You are viewing an archived Text-only version of the thread. To view this thread in it's original format and/or if you want to reply to this thread please [click here]

Author Very High Rate Continous Transfer
jim_nospam_beasley@yahoo.com

2005-07-16, 5:46 pm

I am looking into what it will take to support continuous (not burst)
160 to 200 MBytes/sec transfer to disk. What types of drives and how
would they be configured as an array (or multiple arrays)?

What type of processor and bus architecture would be appropriate? Data
will be from a capture memory that is shared between the processor and
the capture electronics. So memory bandwidth will be at least 320 to
400 MBytes/sec.

Thanks in advance,
Jim

Bill Todd

2005-07-16, 5:46 pm

jim_nospam_beasley@yahoo.com wrote:
> I am looking into what it will take to support continuous (not burst)
> 160 to 200 MBytes/sec transfer to disk. What types of drives and how
> would they be configured as an array (or multiple arrays)?
>
> What type of processor and bus architecture would be appropriate? Data
> will be from a capture memory that is shared between the processor and
> the capture electronics. So memory bandwidth will be at least 320 to
> 400 MBytes/sec.


Modern x86 processor/memory configurations should be able to handle that
kind of memory bandwidth without even starting to break a sweat - if the
capture electronics can use standard DMA mechanisms to provide the data.

But in that case you'd need a double-speed, double-width (64/66) PCI bus
at a minimum to handle the bi-directional bandwidth unless you used a
chipset that bypassed the PCI for disk activity (I'm not even sure
they're available: if they only support IDE, you'd have to split the
load across two IDE ports - and where are you going to find an IDE RAID
box?) or worked around the problem by using the AGP port for the input
or output stream, in which case you'd still need double-width or
double-speed PCI but probably not both. In other words, PCI-X or
PCI-express might be a better option (and today probably much more
available than double-speed, double-width PCI).

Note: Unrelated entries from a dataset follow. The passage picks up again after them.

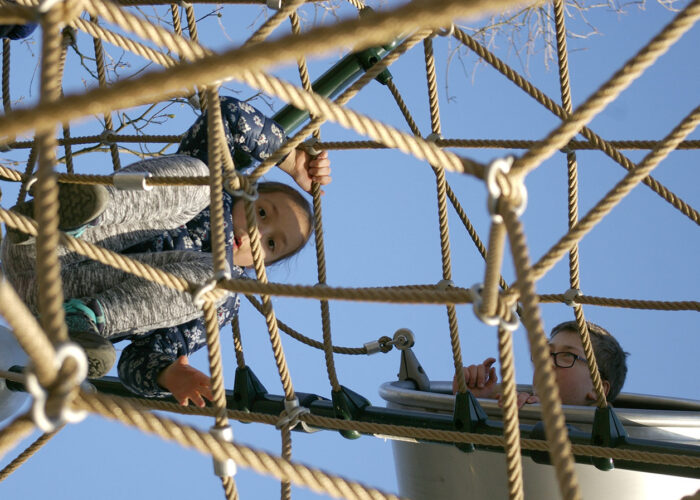 Harkány, új és modern játszótér óriás mászókával a Zsigmondy sétányon
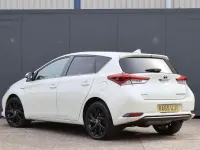 Used Toyota Auris Hybrid Design 2016 White Hatchback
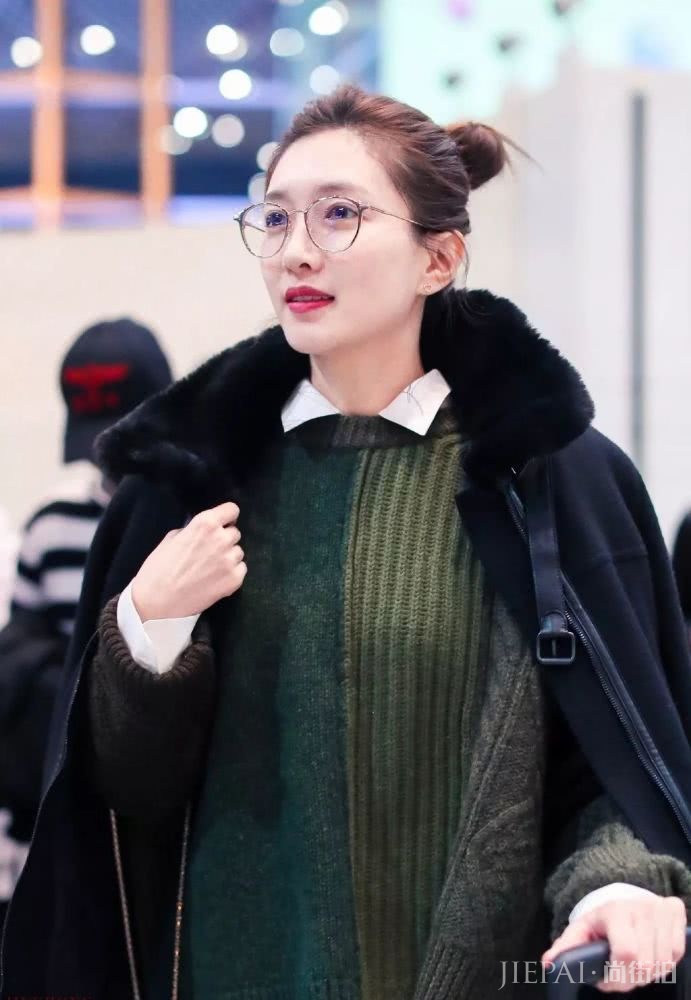 何穗戚薇示范穿羽绒皮草不臃肿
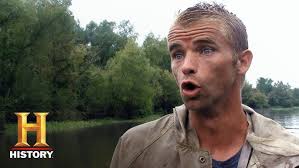 Swamp People: Bulldozer Alligator Sends Joey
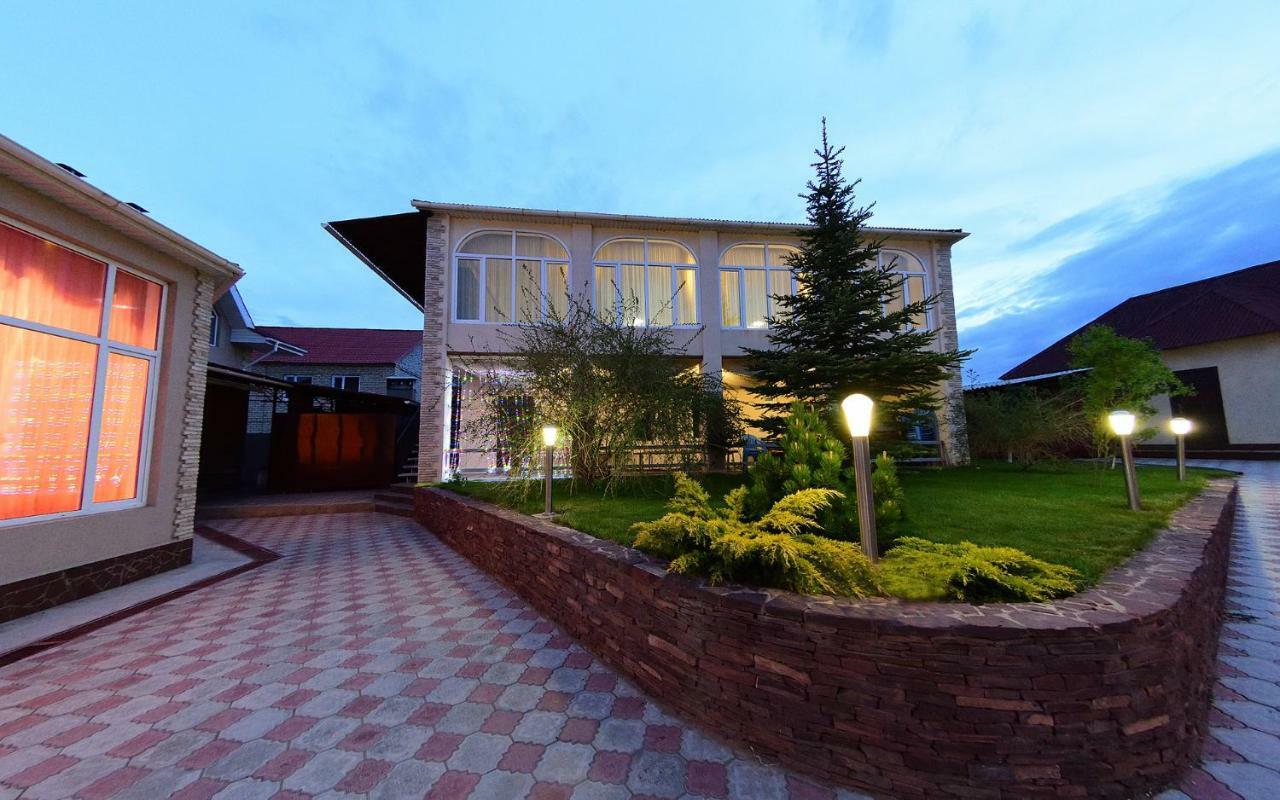 Zlata Inn Tamchy Exterior photo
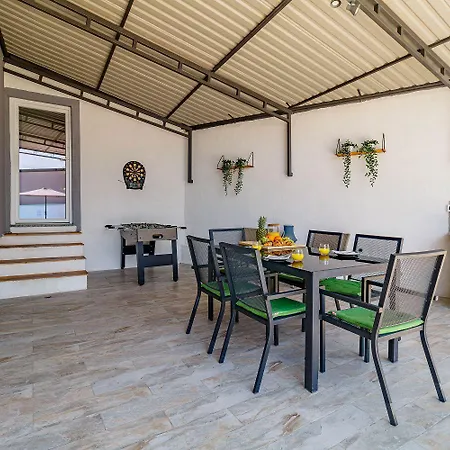 House Ulika Villa *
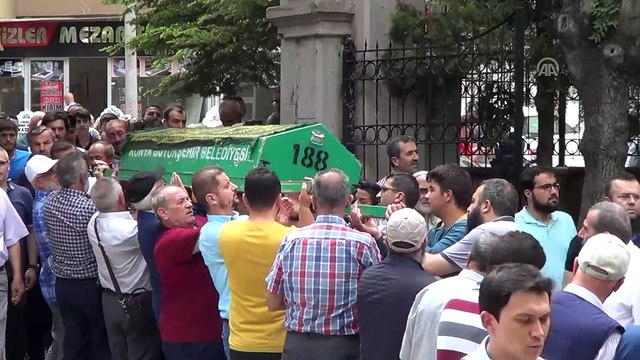 Kalp krizi geçiren 14 yaşındaki amatör futbolcu toprağa verildi - KONYA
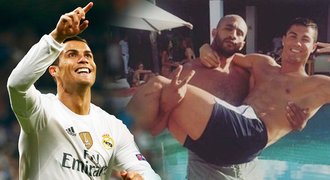 Všichni se ptají: Je Ronaldo gay? Právě jsme se vzali, oznámil s boxerem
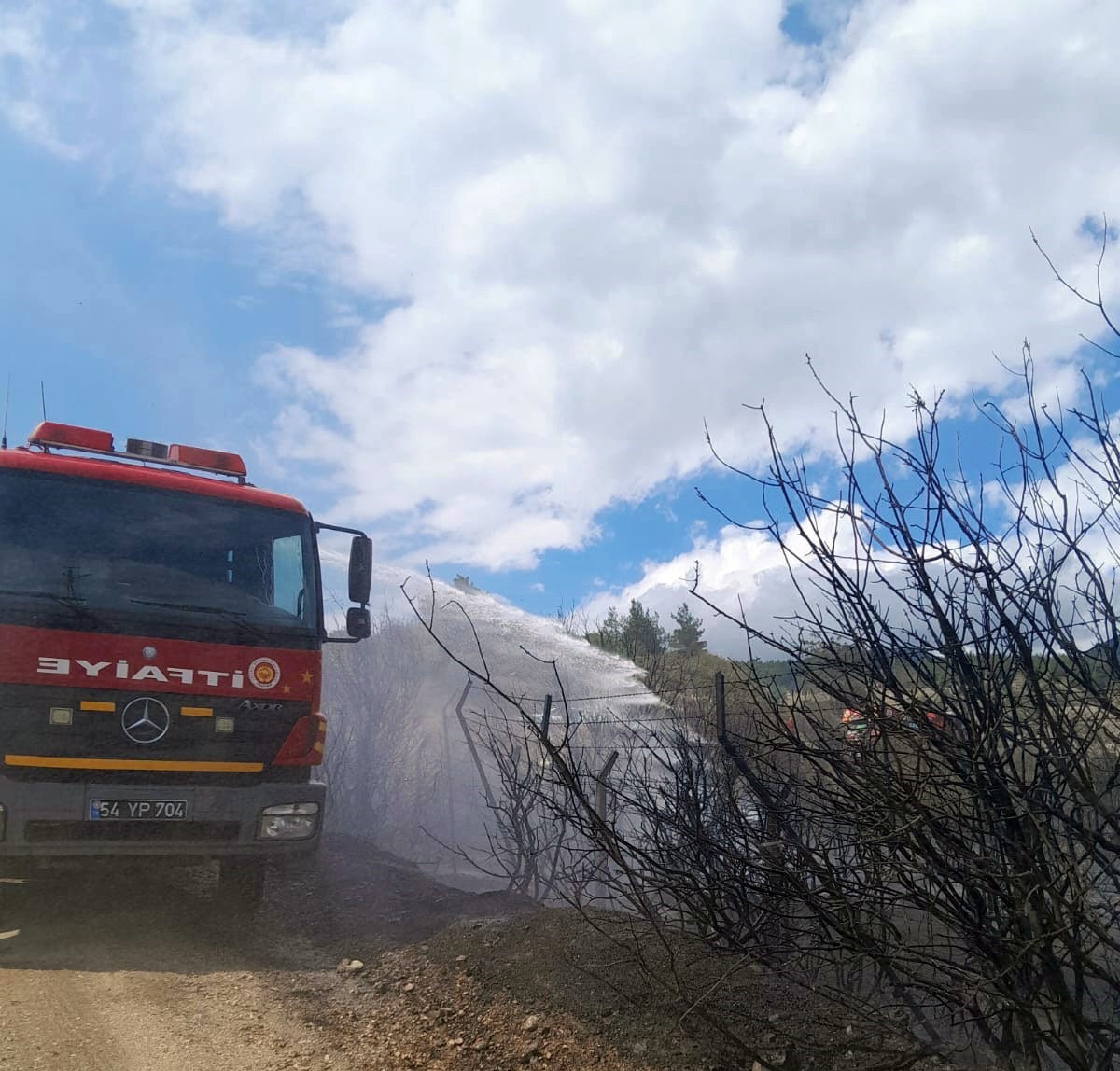 Askeri kışla içerisinde çıkan yangına 71 personel müdahale etti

RAID-3 sounds like what you want for disk storage (assuming that you
want some redundancy in it - though I'm not sure where you'd find a
non-redundant implementation comparable in performance to a good RAID-3
box even if redundancy weren't necessary). I saw a single 1 Gbit/s
fibre channel link deliver almost 90 MB/s of streaming write bandwidth
to an 8 + 1 RAID-3 array back in 1998, so 2 Gbit/s fiber channel with at
most 6 + 1 of today's disks - which should offer 30 - 40 MB/s/disk
streaming bandwidth at an absolute minimum - should do the job with a
single array (if not, perhaps the application can easily distribute the
streaming data across two arrays or use software RAID-0 to do so).

Probably someone with more recent and detailed experience can answer
this question better, but at least that's a start.

- bill
_firstname_@lr_dot_los-gatos_dot_ca.us

2005-07-17, 2:45 am

In article <6PidnW5L1Ywq_0TfRVn-2w@metrocastcablevision.com>,
Bill Todd <billtodd@metrocast.net> wrote:
>jim_nospam_beasley@yahoo.com wrote:
>
>Modern x86 processor/memory configurations should be able to handle that
>kind of memory bandwidth without even starting to break a sweat - if the
>capture electronics can use standard DMA mechanisms to provide the data.

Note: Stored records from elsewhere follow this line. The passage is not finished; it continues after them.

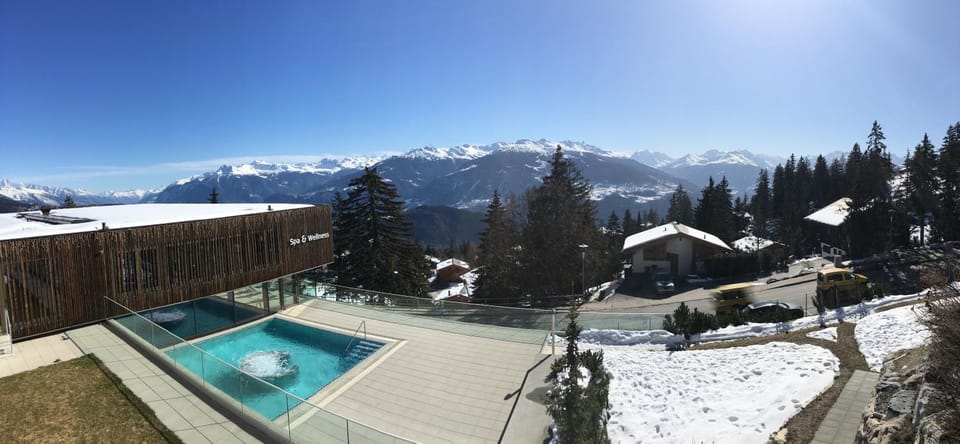 Superbe chalet 12 personnes vue imprenable 2nuits min Chalet in Canton of Valais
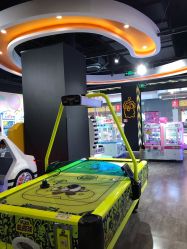 -卡通尼乐园(天一广场店)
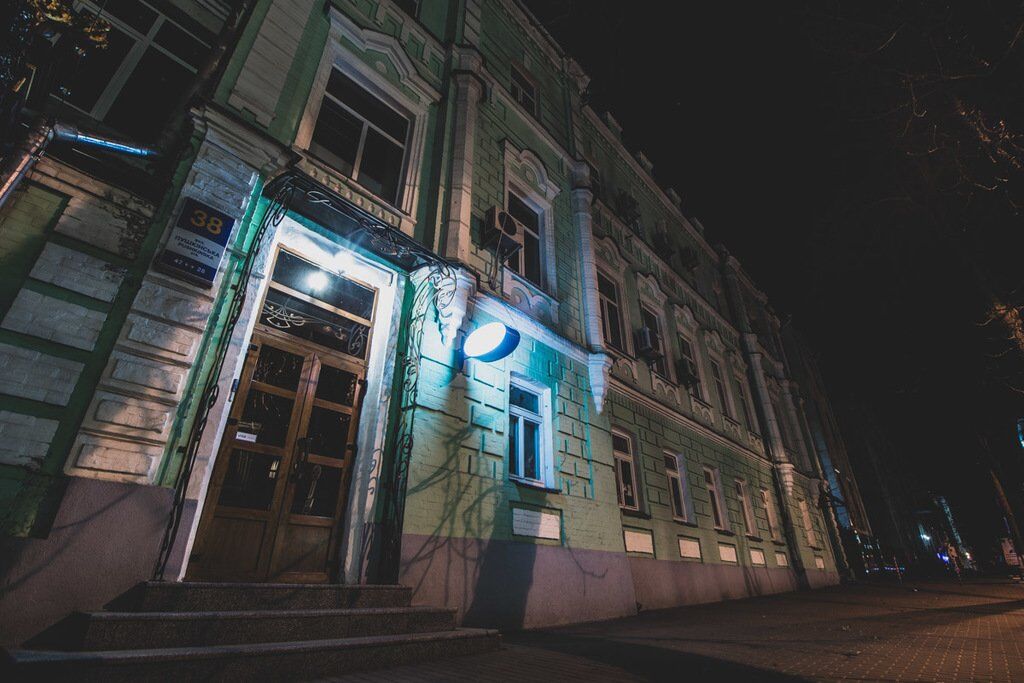 Зачаровує: в мережі показали загадкову вулицю в історичній частині Києва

Agree. Although you have to be careful with memory <-> CPU bandwidth.
If you need to do multiple passes over the data (for example, copy if
between buffers, or run CRCs or TCP checksums over them) the memory
bandwidth could become an issue.

>But in that case you'd need a double-speed, double-width (64/66) PCI bus
>at a minimum to handle the bi-directional bandwidth unless you used a
>chipset that bypassed the PCI for disk activity (I'm not even sure
>they're available: if they only support IDE, you'd have to split the
>load across two IDE ports - and where are you going to find an IDE RAID
>box?) or worked around the problem by using the AGP port for the input
>or output stream, in which case you'd still need double-width or
>double-speed PCI but probably not both.


You can get motherboards with multiple PCI channels. Somewhere in my
lab, I have a few 2-U rackmounts with 3 open PCI busses (on 3 slots);
if I remember right the Ethernet and SCSI/RAID chips on the
motherboard are on a separate bus.

Don't know whether such motherboards are sold in the white-box market;
you may have to buy a server-class x86 box from one of the big vendors
to get a system like this.

Also, AFAIK the AGP bus is a superset of the PCI bus, just on a
different connector. If you are custom-building your electronics, you
might want to use the AGP connector.

> In other words, PCI-X or
>PCI-express might be a better option (and today probably much more
>available than double-speed, double-width PCI).


One other issue: For the outgoing link, I would split the bandwidth
over two separate fibre channel ports. With 2Gbit FC, each port can
theoretically handle >200 MB/sec, so each would be loaded <50%, which
will make the whole thing run much more smoothly. You could for
either stripe the data yourself (if you control the data writigng
software, or for example use a LVM on the host to stripe the data over
the two FC ports. Whether to also stripe it over two disk arrays
depends on what disk array you buy. As 2-port 2Gbit FC cards are
easily available, this does not require extra PCI slots.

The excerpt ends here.